Report back each line of the records that contains the string "hours".

╭─ Exercise material

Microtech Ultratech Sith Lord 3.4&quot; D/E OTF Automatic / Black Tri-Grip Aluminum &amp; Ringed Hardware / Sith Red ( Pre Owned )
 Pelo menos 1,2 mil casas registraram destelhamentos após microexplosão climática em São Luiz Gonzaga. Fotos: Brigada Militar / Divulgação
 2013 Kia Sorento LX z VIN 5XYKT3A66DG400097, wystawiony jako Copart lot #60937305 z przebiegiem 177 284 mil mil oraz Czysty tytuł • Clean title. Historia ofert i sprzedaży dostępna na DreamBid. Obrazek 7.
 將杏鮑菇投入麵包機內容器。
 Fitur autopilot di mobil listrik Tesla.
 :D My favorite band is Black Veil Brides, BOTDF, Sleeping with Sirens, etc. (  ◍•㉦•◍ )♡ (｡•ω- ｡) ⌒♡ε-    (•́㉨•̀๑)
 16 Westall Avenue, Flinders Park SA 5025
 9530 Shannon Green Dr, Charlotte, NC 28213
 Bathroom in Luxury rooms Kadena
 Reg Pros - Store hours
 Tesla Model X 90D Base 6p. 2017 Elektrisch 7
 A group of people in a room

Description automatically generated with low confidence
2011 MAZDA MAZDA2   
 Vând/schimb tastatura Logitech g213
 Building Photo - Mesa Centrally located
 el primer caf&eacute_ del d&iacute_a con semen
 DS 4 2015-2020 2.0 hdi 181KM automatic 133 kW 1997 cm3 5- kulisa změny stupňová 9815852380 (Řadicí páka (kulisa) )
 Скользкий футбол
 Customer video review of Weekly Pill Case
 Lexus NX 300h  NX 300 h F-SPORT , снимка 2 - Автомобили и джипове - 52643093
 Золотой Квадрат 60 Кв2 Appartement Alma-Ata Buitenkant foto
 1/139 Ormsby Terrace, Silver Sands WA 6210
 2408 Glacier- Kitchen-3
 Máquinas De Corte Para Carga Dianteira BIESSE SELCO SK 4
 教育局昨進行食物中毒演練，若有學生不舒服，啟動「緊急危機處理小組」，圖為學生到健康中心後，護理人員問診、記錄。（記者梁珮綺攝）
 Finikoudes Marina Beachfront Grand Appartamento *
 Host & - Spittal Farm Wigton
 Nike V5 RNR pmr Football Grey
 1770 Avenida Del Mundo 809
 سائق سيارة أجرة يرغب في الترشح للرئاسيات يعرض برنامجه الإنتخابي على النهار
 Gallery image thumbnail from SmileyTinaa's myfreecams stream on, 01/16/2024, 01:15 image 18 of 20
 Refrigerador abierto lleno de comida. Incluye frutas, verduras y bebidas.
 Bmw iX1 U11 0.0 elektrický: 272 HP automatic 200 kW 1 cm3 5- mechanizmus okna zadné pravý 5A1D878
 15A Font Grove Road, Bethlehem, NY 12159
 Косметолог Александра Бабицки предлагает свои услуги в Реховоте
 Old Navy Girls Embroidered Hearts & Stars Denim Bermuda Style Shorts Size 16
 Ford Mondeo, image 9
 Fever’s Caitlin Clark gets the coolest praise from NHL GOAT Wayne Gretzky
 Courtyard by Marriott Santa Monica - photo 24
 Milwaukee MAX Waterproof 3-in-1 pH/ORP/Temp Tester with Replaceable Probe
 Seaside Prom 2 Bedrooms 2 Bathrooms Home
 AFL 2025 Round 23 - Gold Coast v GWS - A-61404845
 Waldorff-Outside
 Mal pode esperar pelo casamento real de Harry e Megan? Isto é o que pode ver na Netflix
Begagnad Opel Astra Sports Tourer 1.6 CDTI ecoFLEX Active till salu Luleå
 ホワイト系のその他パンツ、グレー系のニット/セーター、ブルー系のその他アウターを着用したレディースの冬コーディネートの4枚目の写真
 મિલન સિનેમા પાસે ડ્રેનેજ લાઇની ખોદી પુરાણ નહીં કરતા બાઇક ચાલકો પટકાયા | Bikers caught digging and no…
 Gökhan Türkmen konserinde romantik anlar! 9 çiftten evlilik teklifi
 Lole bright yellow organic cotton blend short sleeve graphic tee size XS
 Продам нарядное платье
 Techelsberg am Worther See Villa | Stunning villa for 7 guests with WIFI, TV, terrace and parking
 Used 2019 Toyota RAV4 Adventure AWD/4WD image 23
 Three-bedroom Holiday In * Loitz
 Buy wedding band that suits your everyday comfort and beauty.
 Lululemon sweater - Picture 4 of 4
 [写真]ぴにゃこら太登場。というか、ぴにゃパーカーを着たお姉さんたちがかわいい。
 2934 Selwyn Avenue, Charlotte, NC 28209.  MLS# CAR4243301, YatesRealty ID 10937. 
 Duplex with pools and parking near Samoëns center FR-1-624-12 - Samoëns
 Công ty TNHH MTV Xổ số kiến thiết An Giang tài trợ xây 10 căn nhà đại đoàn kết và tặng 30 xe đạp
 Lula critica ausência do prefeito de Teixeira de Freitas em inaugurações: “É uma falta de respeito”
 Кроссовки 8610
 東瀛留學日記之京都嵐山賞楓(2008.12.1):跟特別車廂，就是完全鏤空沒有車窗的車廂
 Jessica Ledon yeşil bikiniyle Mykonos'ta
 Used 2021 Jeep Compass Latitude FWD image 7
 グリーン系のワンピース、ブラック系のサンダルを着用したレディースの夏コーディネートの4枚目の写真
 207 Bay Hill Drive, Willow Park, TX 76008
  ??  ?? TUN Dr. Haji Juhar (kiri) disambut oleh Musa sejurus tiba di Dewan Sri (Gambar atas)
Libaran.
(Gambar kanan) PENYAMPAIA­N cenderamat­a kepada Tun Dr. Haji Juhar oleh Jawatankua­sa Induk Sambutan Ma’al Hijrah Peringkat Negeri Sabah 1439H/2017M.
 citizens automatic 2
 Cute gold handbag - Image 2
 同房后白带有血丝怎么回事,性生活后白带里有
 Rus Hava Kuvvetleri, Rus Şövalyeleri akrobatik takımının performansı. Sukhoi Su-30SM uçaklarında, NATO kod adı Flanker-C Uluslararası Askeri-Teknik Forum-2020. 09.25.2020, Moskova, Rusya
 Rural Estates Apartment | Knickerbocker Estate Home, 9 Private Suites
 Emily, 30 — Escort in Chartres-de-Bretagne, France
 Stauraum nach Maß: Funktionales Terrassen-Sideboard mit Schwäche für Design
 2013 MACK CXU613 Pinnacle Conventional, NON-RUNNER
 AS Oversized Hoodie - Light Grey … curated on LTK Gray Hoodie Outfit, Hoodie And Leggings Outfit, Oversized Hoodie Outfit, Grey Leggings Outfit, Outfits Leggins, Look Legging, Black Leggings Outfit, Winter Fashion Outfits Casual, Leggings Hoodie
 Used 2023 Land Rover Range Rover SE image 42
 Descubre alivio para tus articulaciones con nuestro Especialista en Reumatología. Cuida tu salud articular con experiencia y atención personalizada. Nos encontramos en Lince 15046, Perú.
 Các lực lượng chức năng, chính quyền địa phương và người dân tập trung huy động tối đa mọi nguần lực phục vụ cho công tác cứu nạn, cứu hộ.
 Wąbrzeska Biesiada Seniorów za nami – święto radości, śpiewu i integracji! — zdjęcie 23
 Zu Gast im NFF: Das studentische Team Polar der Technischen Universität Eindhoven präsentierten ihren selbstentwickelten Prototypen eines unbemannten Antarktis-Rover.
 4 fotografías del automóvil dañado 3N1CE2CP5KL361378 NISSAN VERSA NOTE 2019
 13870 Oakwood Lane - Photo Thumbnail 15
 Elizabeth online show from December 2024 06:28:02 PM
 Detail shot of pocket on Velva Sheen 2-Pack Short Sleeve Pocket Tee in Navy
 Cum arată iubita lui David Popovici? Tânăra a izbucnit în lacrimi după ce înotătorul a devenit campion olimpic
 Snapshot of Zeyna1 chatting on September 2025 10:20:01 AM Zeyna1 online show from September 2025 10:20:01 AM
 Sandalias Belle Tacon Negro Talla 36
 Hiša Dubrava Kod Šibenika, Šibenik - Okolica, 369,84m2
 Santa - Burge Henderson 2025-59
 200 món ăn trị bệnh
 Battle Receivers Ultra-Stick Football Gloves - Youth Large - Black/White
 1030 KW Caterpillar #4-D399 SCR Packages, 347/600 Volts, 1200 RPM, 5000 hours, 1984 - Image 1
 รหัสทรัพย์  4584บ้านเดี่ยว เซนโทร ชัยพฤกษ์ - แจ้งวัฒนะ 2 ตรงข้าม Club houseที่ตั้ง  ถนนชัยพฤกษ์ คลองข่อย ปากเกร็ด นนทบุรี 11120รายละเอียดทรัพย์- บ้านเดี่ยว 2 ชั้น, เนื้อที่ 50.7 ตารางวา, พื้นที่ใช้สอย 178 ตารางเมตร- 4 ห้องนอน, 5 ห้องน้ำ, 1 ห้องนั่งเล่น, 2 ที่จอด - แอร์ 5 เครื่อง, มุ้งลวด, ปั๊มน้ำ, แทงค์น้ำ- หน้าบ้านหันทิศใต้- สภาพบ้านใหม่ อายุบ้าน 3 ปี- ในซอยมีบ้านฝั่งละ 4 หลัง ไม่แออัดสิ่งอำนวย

╰─

Written solution:
 Reg Pros - Store hours
 1030 KW Caterpillar #4-D399 SCR Packages, 347/600 Volts, 1200 RPM, 5000 hours, 1984 - Image 1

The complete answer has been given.